RPI Explained
TL;DR
The RPI (Round Performance Index) is our proprietary grading system that gives a 0 to 100 score based on how well each golfer performed relative to the rest of the league.
The Basics
Built on Net Stableford
It uses a modified Net Stableford system where points are awarded on each hole based on your net score after handicap strokes are applied. You gain points for good holes, but don't lose points for bad holes.
| Net Score | Points |
|---|---|
| Eagle or better | 5 |
| Birdie | 3 |
| Par | 2 |
| Bogey | 1 |
| Double Bogey+ | 0 |
Dynamic Field Adjustment
RPI automatically adjusts to how the course plays each night. If the wind is howling, pins are tucked, and the entire league is struggling, if one player separates from the pack, the system rewards them for it.
Scoring Tiers
You shot the lights out, blew away the field, and likely shot near the league record for net score.
You played out of your mind and took home a rare blowout win.
You shot well under your handicap, likely won stroke play and defintely took home some cash.
You played decent. Small chance you won stroke play, but you were likely in the middle of the pack with a chance at points.
A higher score than what you are used to, forget about it and get em next week.
The course won.
Under the Hood
Here's how the RPI grades your round — no math degree required.
1. Your Score Gets Converted to Points
Your raw score on each hole gets converted to Net Stableford points using your handicap. Great holes earn you points. Bad holes just get a zero — you're never penalized for a blowup hole. This is the same system shown on the weekly scorecard.
2. We Figure Out What “Average” Looked Like That Night
Instead of using the simple average (which gets thrown off by one guy shooting a 60), the system uses a smarter benchmark. It blends the middle-of-the-pack score with how the top 5 players performed.
This means on a night where the wind is howling, pins are tucked, and everyone is struggling — “average” adjusts downward. On a calm night where everyone goes low, “average” adjusts upward. Your RPI reflects how you played relative to the conditions and the competition, not just your raw number.
3. Ties Get Broken by Gross Score
When two players end up with the same net points, the player who shot the lower gross score gets a tiny fractional edge. It's barely noticeable in the number, but it means ties are extremely rare on the final leaderboard.
4. Big Wins Get Rewarded More Than Small Ones
Your RPI starts at 50.0 (the expected average). Beat the baseline and it goes up. Miss it and it goes down.

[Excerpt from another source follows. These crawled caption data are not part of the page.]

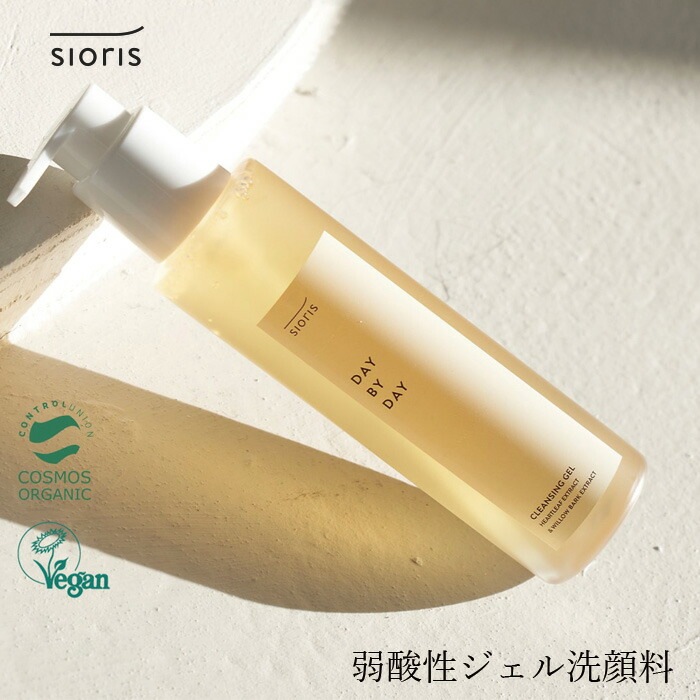 洗顔ジェル シオリス デイ バイ デイ クレンジングジェル 150ml オーガニック 正規品 スキンケア 洗顔料 ナチュラル ノンケミカル 無添加 sioris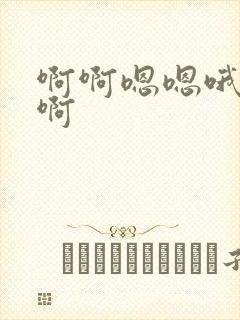 啊啊嗯嗯哦哦嗯啊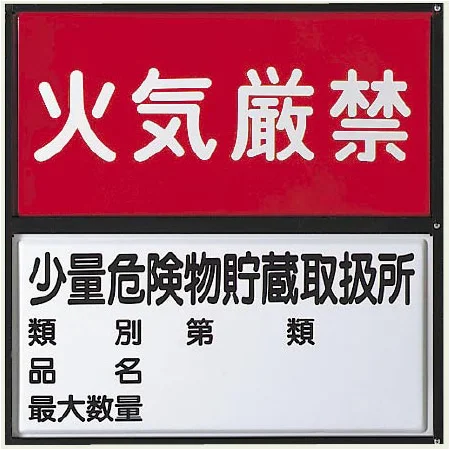 ■標識取付使用例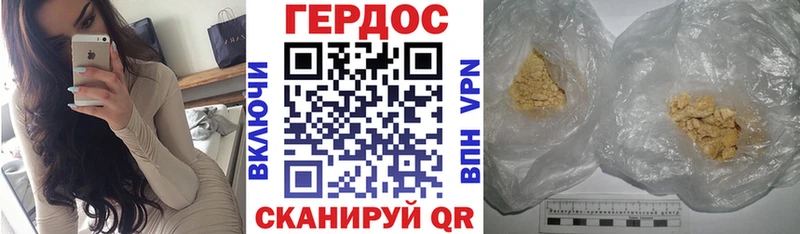 Купить закладки  Удачный  ГЕРОИН хмурый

But here's the key: blowout wins are rewarded exponentially. Beating the field by a little gets you a small bump. Beating the field by a lot gets you a massive one — because shooting a net -8 is way harder than shooting a net -5, and the system knows that.
However, you can only unlock that bonus if you actually played great golf (net -3 or better). You don't get extra credit just because the rest of the field fell apart when you shot even.